Who are the people who make up the Tea Party movement?
According to a new survey undertaken by sociologists from Vanderbilt University and the University of North Carolina at Chapel Hill, the Tea Partiers are an old movement in new (albeit retro) packaging.
“The Tea Party movement is best understood as a new cultural expression of the late-20th century Republican Party,” said Steven J. Tepper, associate professor of sociology at Vanderbilt and associate director of the Curb Center for Art, Enterprise and Public Policy at the university. “Compared to the Republican Party, Tea Party supporters are more likely to support libertarian principles. But virtually every other characteristic of Tea Party supporters – from demographics to political and social attitudes – matches the profile of Republican supporters.”
“I would say that the Tea Party right now is not positioned to change American politics in any drastic way.”
Tepper, along with UNC-Chapel Hill colleagues Andrew J. Perrin, Neal Caren and Sally Morris, conducted two telephone surveys of registered voters in North Carolina and Tennessee in the spring and fall of 2010, as well as interviews and observations at a Tea Party rally in Washington, N.C. Results of the poll of about 2,500 people were published in the Spring 2011 issue of Contexts magazine. The margin of error on the statistics used in this release is plus or minus 3.1 percent.
“The coalition of views that make up the Tea Party movement is not necessarily new,” said UNC’s Perrin, one of the study’s principal investigators. “What’s new is the melding of 21st century discontent with the symbolic memory of 18th century America.”
The surveys identified four major traits of people who identify with the Tea Party – authoritarianism, libertarianism, fear of change and anti-immigrant sentiment.
81 percent of Tea Party supporters agreed that it was more important for children to obey their parents than be responsible for their own actions. Only 65 percent of non-Tea Party people agreed with that statement.

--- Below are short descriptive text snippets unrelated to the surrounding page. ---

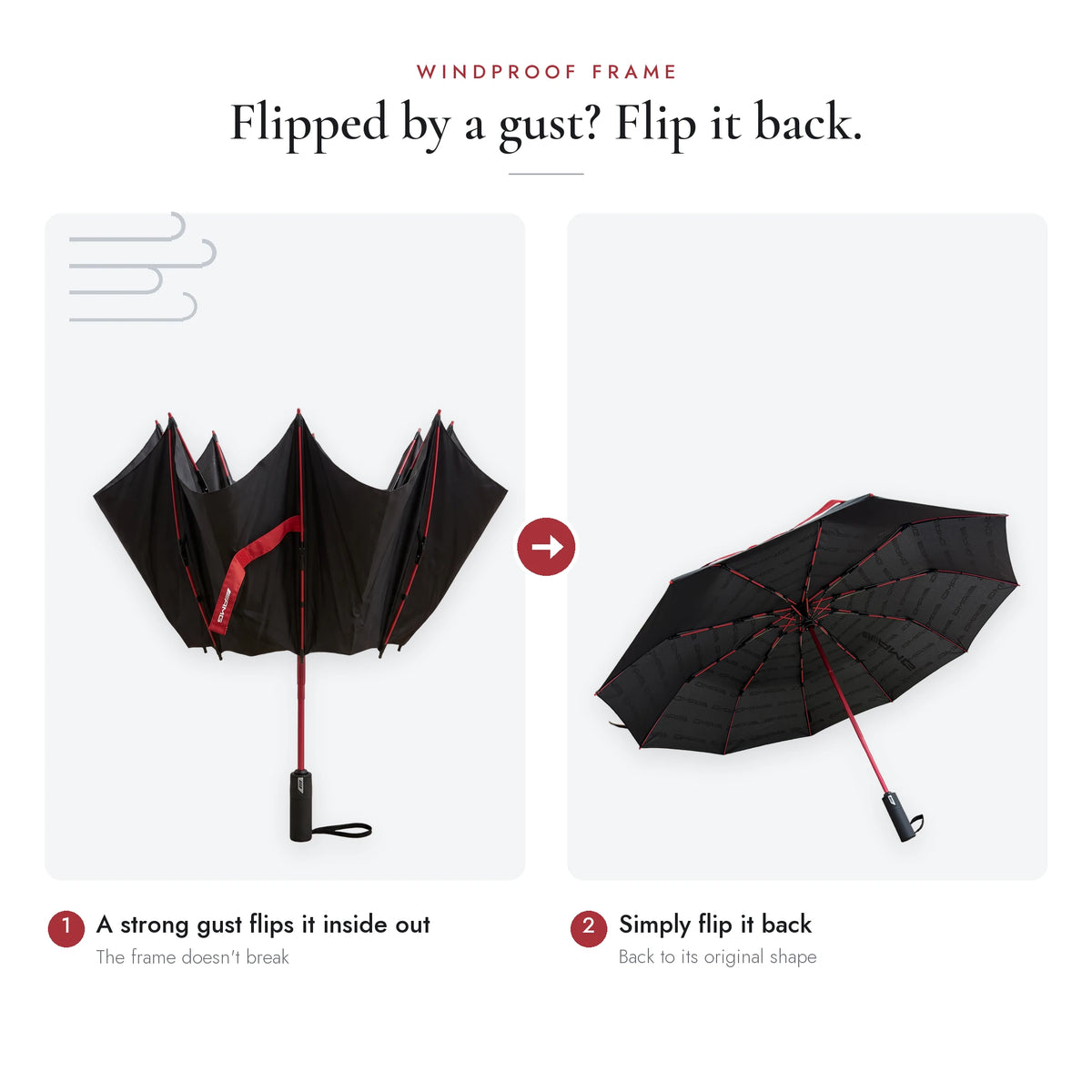 Windproof Mercedes-AMG compact umbrella: flipped inside out by a gust, it flips back to shape without breaking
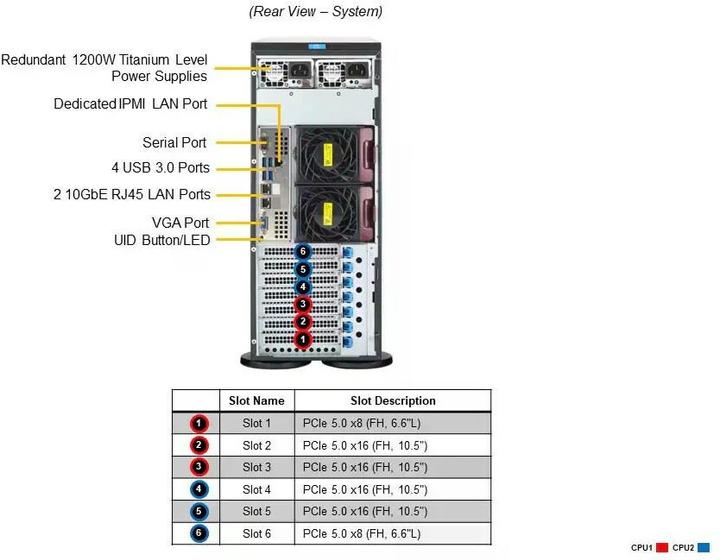 Immagine prodotto Supermicro SuperServer 741P-TRT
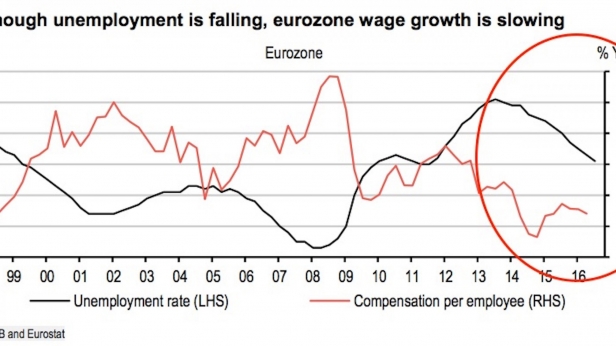 Chômage et croissance des salaires dans la zone euro, de 1998 à aujourd'hui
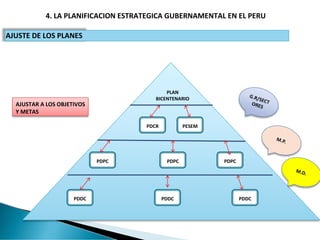 4. LA PLANIFICACION ESTRATEGICA GUBERNAMENTAL EN EL PERU
AJUSTE DE LOS PLANES
 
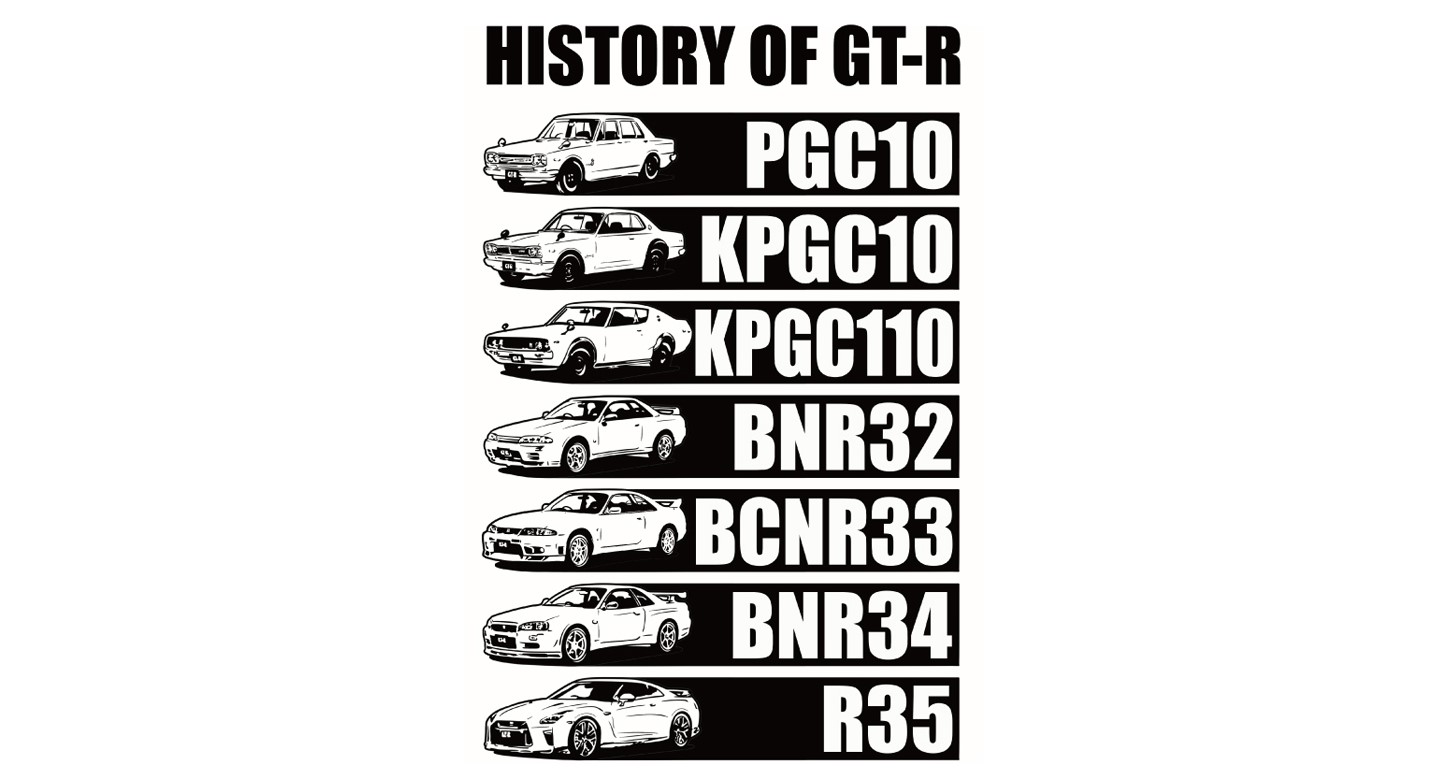 歴代GT-Rを車両イラストと型式名でレイアウト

24 percent of Tea Party supporters believe that there should be fewer rules about what can be posted on the Internet, compared with 16 percent of non-Tea Party supporters.
51 percent of Tea Party supporters considered themselves “very concerned about changes taking place in American society these days,” compared with 21 percent of non-Tea Party supporters.

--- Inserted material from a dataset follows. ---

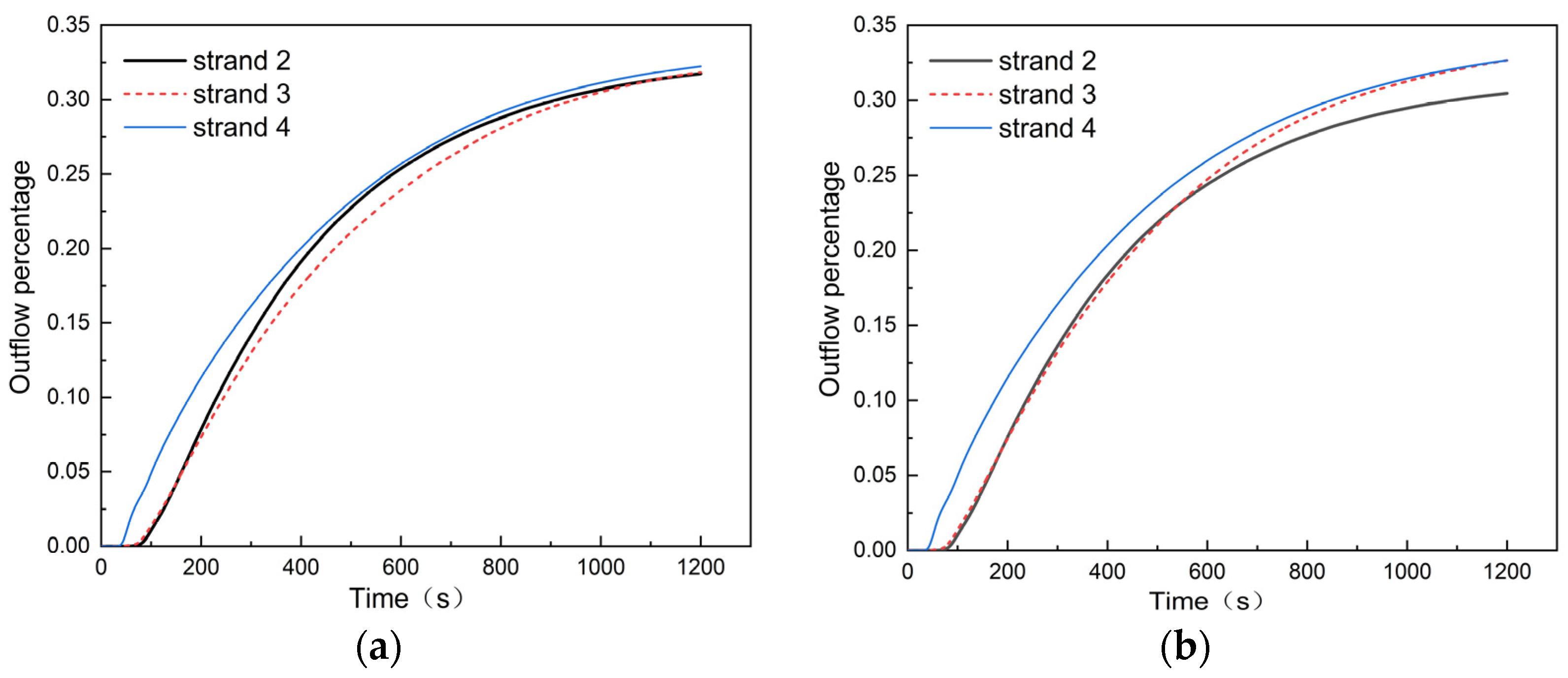 Metals 12 01016 g026a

18 percent of Tea Party supporters feel “very negatively” toward immigrants, compared with 12 percent of non-Tea Party supporters.
“We set out to determine if general public support for the Tea Party movement represents a new political and cultural phenomenon, or if it’s simply realignment within the Republican Party,” Tepper said.
“It appears to be the latter,” he said.
Tepper argues that the Tea Party movement has been healthy for the political system as a whole, because it stirred up discussion.
“It’s gotten everybody on both sides engaged in debating the role of government,” he said.